The Course of Feminism in Comic Books

The Course of Feminism in Comic Books

WRITTEN BY Chelsea Hall

A Brief History

Female heroes have always been a hot topic when it comes to the comic world. Most comics have featured female superheroes, but only as supporting characters for the men. The women are there to help further their goals by either being a romantic interest or sidekick. 

At the start of comics, it was rare for female superheroes to have their own story. Women were seen as merely plot points or objects for the male gaze. 

The comic style actually went through a lot of changes in the 1980s. This is where readers really start seeing the over-sexualized drawings of comic book characters. Men were typically drawn with bigger muscles, broad shoulders and small heads. 

Women are now starting to be drawn with bigger breasts, smaller waists, longer legs and bigger lips. Now, both men and women are being pulled in a hyper-sexualized style. Still, only the female characters are having their costumes changed to more revealing choices. 

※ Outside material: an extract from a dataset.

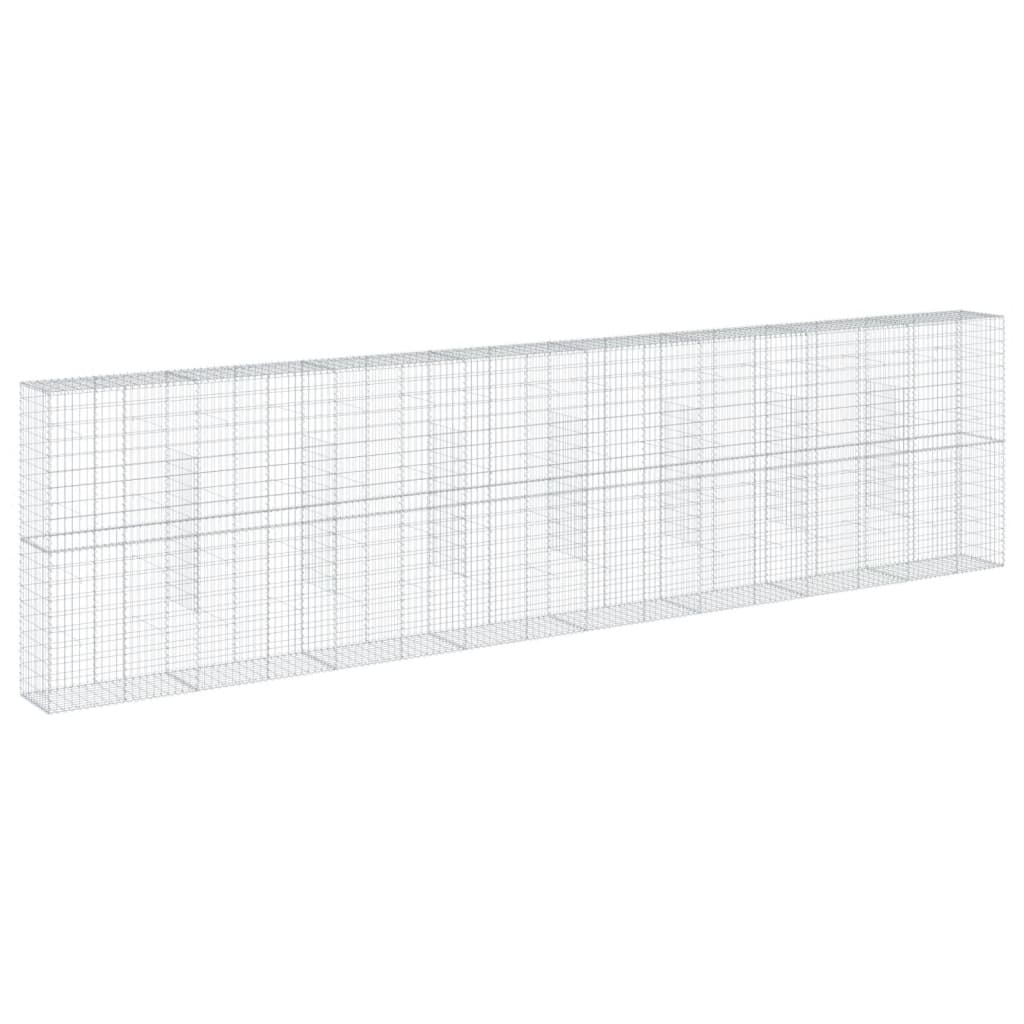 Horganyzott vas gabion kosár fedéllel 800 x 50 x 200 cm 5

Not only are the costumes becoming more questionable, but so are the poses. Male characters can be seen in power poses, while the female characters are seen in oversexualized ones. 

The Hawkeye Initiative is actually a feminist movement that points out the ridiculousness of female superhero poses. 

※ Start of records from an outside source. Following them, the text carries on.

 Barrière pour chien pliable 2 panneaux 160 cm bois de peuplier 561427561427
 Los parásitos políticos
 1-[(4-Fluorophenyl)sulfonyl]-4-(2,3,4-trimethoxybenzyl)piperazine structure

The movement was created in 2012 by webcomic artist Noelle Stevenson. Stevenson started this by posting a drawing where she replaced Black Widow and Hawkeye’s poses with each other on her Tumblr.

The post almost instantly became viral. Stevenson and other artists started redrawing comic book covers and switching the poses of the men and women from then on. This movement really pointed out the oversexualizing of female characters compared to male characters. 

Another vital critique of women in comics was “Women in Refrigerators.”  This term was coined by Gail Simone when she created the Women in Refrigerators website. The website listed comics where female characters were placed through trauma or killed simply as a plot device to help the male character’s story arc. 

This movement pointed out how this troupe was more common for female characters than male characters. 

The Present and Future 

The number of women interested in reading comics is growing. According to statistics, women almost make up half the readers for comics. The numbers are a lot bigger than they used to be in the past. 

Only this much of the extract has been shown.